Goal of the exercise ->
Transcribe only the lines of the listing below from the one holding "Moncler T-shirt à" through the one holding "Robotsky 2.4A kabel", inclusive, without any change.

Dataset ->
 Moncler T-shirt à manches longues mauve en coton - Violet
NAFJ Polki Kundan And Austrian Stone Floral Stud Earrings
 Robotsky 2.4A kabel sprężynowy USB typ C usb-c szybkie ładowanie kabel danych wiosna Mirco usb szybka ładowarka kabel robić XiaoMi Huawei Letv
* * *
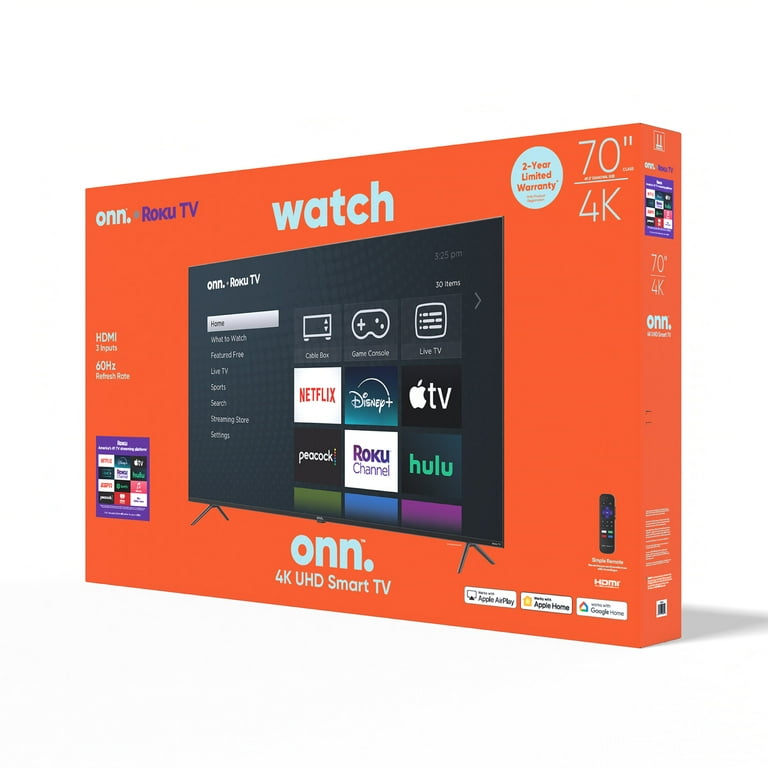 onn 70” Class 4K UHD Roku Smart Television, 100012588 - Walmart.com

Expected answer ->
 Moncler T-shirt à manches longues mauve en coton - Violet
NAFJ Polki Kundan And Austrian Stone Floral Stud Earrings
 Robotsky 2.4A kabel sprężynowy USB typ C usb-c szybkie ładowanie kabel danych wiosna Mirco usb szybka ładowarka kabel robić XiaoMi Huawei Letv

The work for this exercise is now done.